L’impegno del sindaco Vito Leccese e dell’assessora Paola Romano per valorizzare il patrimonio storico e artistico cittadino passa anche attraverso eventi di respiro europeo come la settimana dedicata allo stile floreale. Il quartiere Umbertino protagonista di una rinascita culturale
di TOMMASO GAROFALO – Sono entusiasta di vedere come l’amministrazione di Bari, con il Sindaco Vito Leccese e, in particolare, l’Assessora alla Cultura Paola Romano, stia dando un risalto così significativo al patrimonio storico e artistico della nostra città. La Art Nouveau Week, giunta alla sua settima edizione e in corso proprio in questi giorni dall’8 al 14 luglio, è un esempio lampante di questo impegno.
Ho apprezzato molto l’intervento dell’Assessora Romano alla presentazione a Palazzo di Città. Le sue parole sottolineano perfettamente l’importanza di questa manifestazione non solo per celebrare lo stile Liberty, ma anche per far conoscere ai baresi stessi le ricchezze del quartiere Umbertino, dei nostri teatri e degli spazi pubblici di inizio Novecento. È un’occasione preziosa per connettere Bari con il circuito delle città Liberty europee, valorizzando la nostra identità culturale.
L’attenzione del Sindaco Leccese nel supportare eventi di tale calibro è fondamentale per il rilancio culturale della città. Insieme all’iniziativa dell’Assessora Romano, che porta l’Art Nouveau Week qui a Bari con un programma così ricco di visite guidate, dimostrano una visione chiara: quella di rendere la cultura un motore di crescita e consapevolezza per la nostra comunità. È bello vedere come “Diplomazia dei sentimenti”, un concetto che mi è caro, trovi riscontro anche in queste iniziative che toccano le corde della nostra identità e delle nostre emozioni attraverso l’arte e la storia.

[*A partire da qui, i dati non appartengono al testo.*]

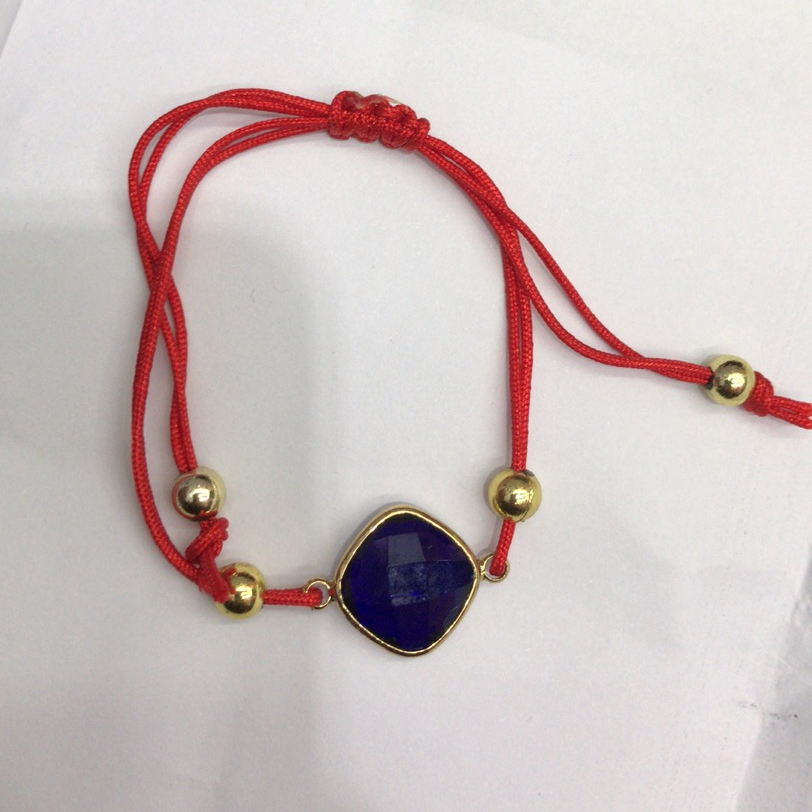 Simple ultra-fine red rope braided bracelet set with gemstone geometric pattern This year men's and women's safety bracelet W-010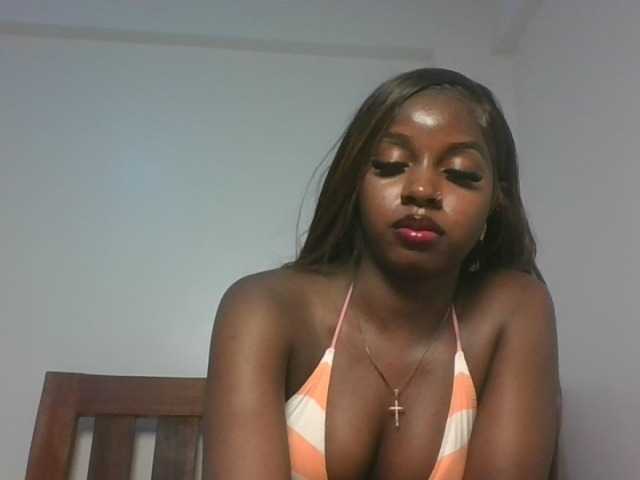 Sexykitten1 live cam on BongaCams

Queste iniziative ci ricordano quanto sia vibrante il nostro passato e quanto potenziale abbia il nostro futuro. Sono fiducioso/a che sotto questa guida, Bari continuerà a fiorire culturalmente.
Tommaso Garofalo scrive per il web su diverse testate giornalistiche, occupandosi di storie del territorio, dialogo interculturale e cooperazione.